Electrochemical behavior and simultaneous determination of catechol, resorcinol, and hydroquinone using thermally reduced carbon nano-fragment modified glassy carbon electrode

Abstract

The electrochemical behaviors and simultaneous determination of three dihydroxybenzene isomers, i.e., catechol (CC), resorcinol (RC), and hydroquinone (HQ), are studied using a thermally reduced carbon nano-fragment modified glassy carbon electrode (CNF/GCE). The soluble CNF modifier with unique micro-/nano-structure and abundant edges and defective sites is prepared by chemically oxidizing graphite powders, ultrasonically crushing, and thermally reducing treatment in turn. It is shown that the oxidation peak currents of CC, RC, and HQ at the CNF/GCE are improved about 1.74, 2.88, and 1.05 times compared to that of the GCE. The diffusion process in bulk solution controls the electrochemical reaction of CC, RC, and HQ, and their reversible electrochemical process involves equal numbers of protons and electrons.
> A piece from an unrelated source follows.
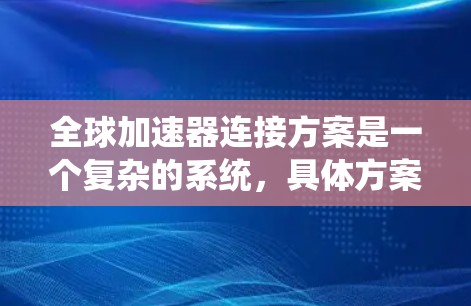 全球加速器连接方案是一个复杂的系统,具体方案会根据全球加速器的特性、网络环境以及用户的具体需求来设计。以下是一个通用的全球加速器连接方案框架,供您参考 全球加速器连接方案是一个复杂的系统,具体方案会根据全球加速器的特性、网络环境以及用户的具体需求来设计。以下是一个通用的全球加速器连接方案框架,供您参考
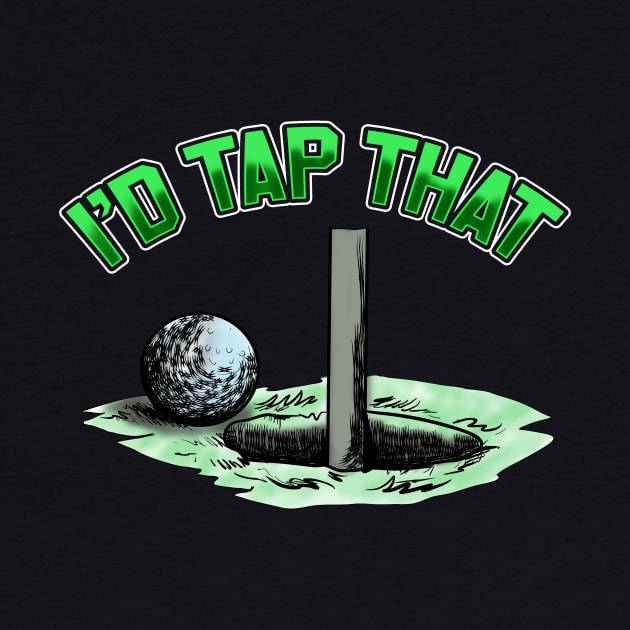 Funny I'd Tap That Golfing Putting Cute Golfer Pun by theperfectpresents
Based on the enhanced electrocatalytic activity and enlarged separation of the anodic peak potential towards three dihydroxybenzene isomers at the CNF/GCE, the simultaneous differential pulse voltammetry (DPV) determination of CC, RC, and HQ, with detection limits (S/N = 3) of 5.0 × 10⁻⁷ mol L⁻¹, 8.0 × 10⁻⁷ mol L⁻¹ and 4.0 × 10⁻⁷ mol L⁻¹, respectively, are obtained. The CNF/GCE also indicates high selectivity, stability, and reproducibility, and is comparable with results of high-performance liquid chromatography in real samples, clearly indicating its applicability.